Does Michael Jackson still own the rights to songs by The Beatles?
Michael Jackson purchased the publishing copyrights to songs written by Lennon-McCartney and some early songs by George Harrison.
This was something which, according to one biography of the Thriller singer, Michael had joked about with Sir Paul McCartney at dinner.
However, things became real when the catalogue of songs from ATV Music became available to purchase, and both Sir Paul and Yoko Ono, John Lennon’s widow, decided against purchasing them.
Michael bought the rights to these songs, as well as some early George Harrison songs, for $47.5million (£36.7million) in 1985.
The catalogue came up for sale in 1984, and there were various bids for the publishing company.
However, Michael’s bid was successful, starting with $46million (£35.5million.)
As the deal continued to progress, other competitors continued to offer larger amounts, and eventually Michael increased his bid to the final amount, with the deal being completed in October 1985.
While he purchased a huge number of songs, he was not able to purchase the rights to Penny Lane, which the ATV Music owner of the time Robert Holmes à Court gifted to his daughter.
In 1995, Sony acquired 50 percent of the catalogue from Michael, with the company being renamed Sony/ATV Music Publishing.
As time went on, Sony continued to purchase more and more songs from Michael’s part of the company, and by 2006 Sony had operational control of the catalogues.
Michael’s own songs, however, were not held by the same company, meaning Sony were not purchasing Michael’s own songs.
The company acquired EMI Publishing, which included Mijac Music, the company which owned the rights to Michael’s songs.
In 2016, Sony acquired Michael’s stake in Sony/ATV for $750million (£579.3million), which was awarded to his estate, but this did not include his 10 percent stake in EMI Publishing.
Then, in 2018, they finished their acquisition and bought his stake in EMI for $287.5 million (£222.1million,) but this did not include songs by The Beatles.
After the 2016 acquisitions, Sir Paul launched a legal challenge which sought to recover the rights to his half of the Lennon-McCartney catalogue, as copyright laws in the USA allow the author to reclaim the rights on anything they published before 1978, which would include the entire catalogue.
He was successful, so while Michael owned The Beatles songs for a long while, one share of the publishing rights now sit firmly with Sir Paul.
As for Yoko and John’s share of the rights, sources told Billboard in 2009 that Sony had made an offer to Yoko which meant they could keep John’s share of the rights until 70 years after his death, which would be 2050.
This may be a complicated issue, but it certainly did cause problems between Sir Paul and Michael, who were friends at one point in their lives.
Speaking to David Letterman in 2009 after Michael’s death, Sir Paul said: “…Somebody had to get it, I suppose.

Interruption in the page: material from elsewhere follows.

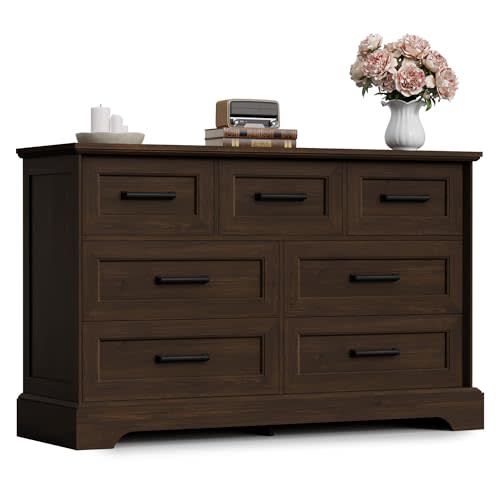 Furmax Farmhouse Dresser for Bedroom, 7 Drawers Dresser, Brown | Wood Chest of Drawers, 47.2" Storage Organizer, Two Sizes Drawers, Anti-tip, TV Stand for Living Room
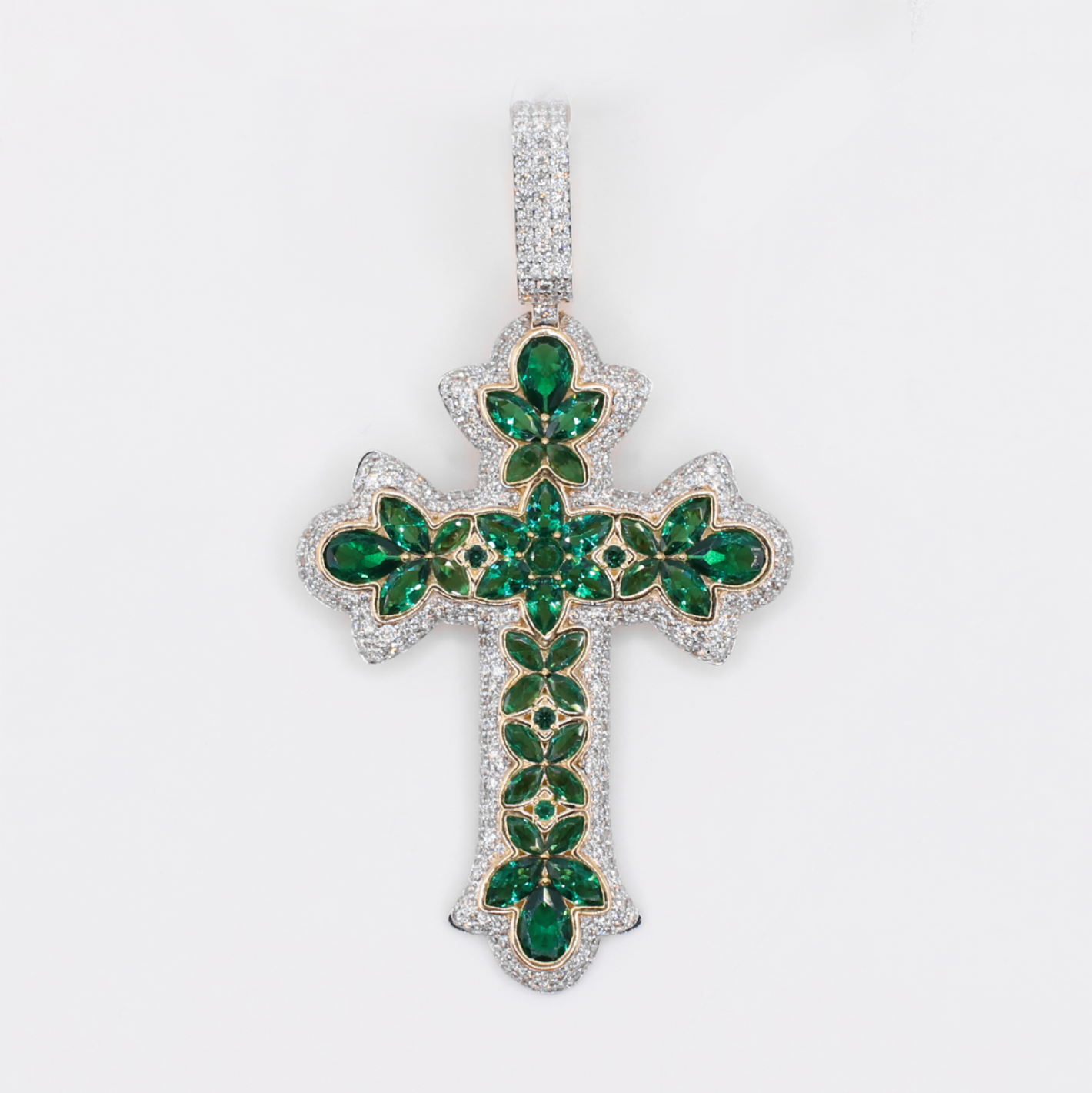 10k Solid Gold Diamond Green Gem Garden Cross - 60614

What happened actually was then I started to ring him [Michael] up.
“I thought, ‘OK, here’s the guy historically placed to give Lennon–McCartney a good deal at last.’
“Cuz we got signed when we were 21 or something in a back alley in Liverpool. And the deal, it’s remained the same, even though we made this company the most famous…
“But I did talk to him [Michael Jackson] about it. But he kind of blanked me on it. He kept saying, ‘That’s just business Paul.’
“You know. So, ‘yeah it is’, and waited for a reply. But we never kind of got to it…
“So we kind of drifted apart. It was no big bust up. We kind of drifted apart after that.
“But he was a lovely man, massively talented, and we miss him.”